Of course, that's influenced either way by life situation and her partner's efforts, but sometimes no amount of attention, love, or affection will increase her desire. It can be very difficult to figure out what the cause is (IF there even is one), and whether anything can be done. Often, she won't know herself, and can at best guess (and usually wrongly).


----------



## rubymoon (Jul 21, 2014)

As a HD woman, I can tell that sexual desire is not something that comes and goes once a week, when someone nags you into having sex. Sexual desire is always there. 100% of the time minus some time intervals that I am super stressed, upset, scared, etc... - basically, only some super strong emotions can override sexual desire. And as any strong emotions, those go away in a matter of hours or days in some critical situations. To have multi-orgasms, sexual desire must build up. In other words, it has to boil in her all the time to get to the level of triggering of multi-orgasms. And if that were the case, she'd be wanting sex much more often. It can still be a quikie, since she is already ready at any given moment. 

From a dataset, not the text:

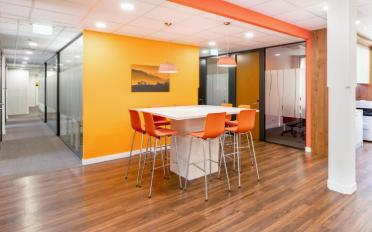 Office - image - 4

I am not a doctor, but I just can tell how it works in my body. Your situation sounds to me like she really doesn't enjoy it as much as she claims. Maybe you can fix it by getting it out in the open and trying to figure out how to actually pleasure her. But her open and honest input would be required for this to work. And you have to keep in mind that it may be not limited to only the bedroom - she may need to rest more, or to get her confidence up to get there.


----------



## Thound (Jan 20, 2013)

rubymoon said:


> As a HD woman, I can tell that sexual desire is not something that comes and goes once a week, when someone nags you into having sex. Sexual desire is always there. 100% of the time minus some time intervals that I am super stressed, upset, scared, etc... - basically, only some super strong emotions can override sexual desire. And as any strong emotions, those go away in a matter of hours or days in some critical situations. To have multi-orgasms, sexual desire must build up. In other words, it has to boil in her all the time to get to the level of triggering of multi-orgasms. And if that were the case, she'd be wanting sex much more often. It can still be a quikie, since she is already ready at any given moment.
> 
> I am not a doctor, but I just can tell how it works in my body. Your situation sounds to me like she really doesn't enjoy it as much as she claims. Maybe you can fix it by getting it out in the open and trying to figure out how to actually pleasure her. But her open and honest input would be required for this to work. And you have to keep in mind that it may be not limited to only the bedroom - she may need to rest more, or to get her confidence up to get there.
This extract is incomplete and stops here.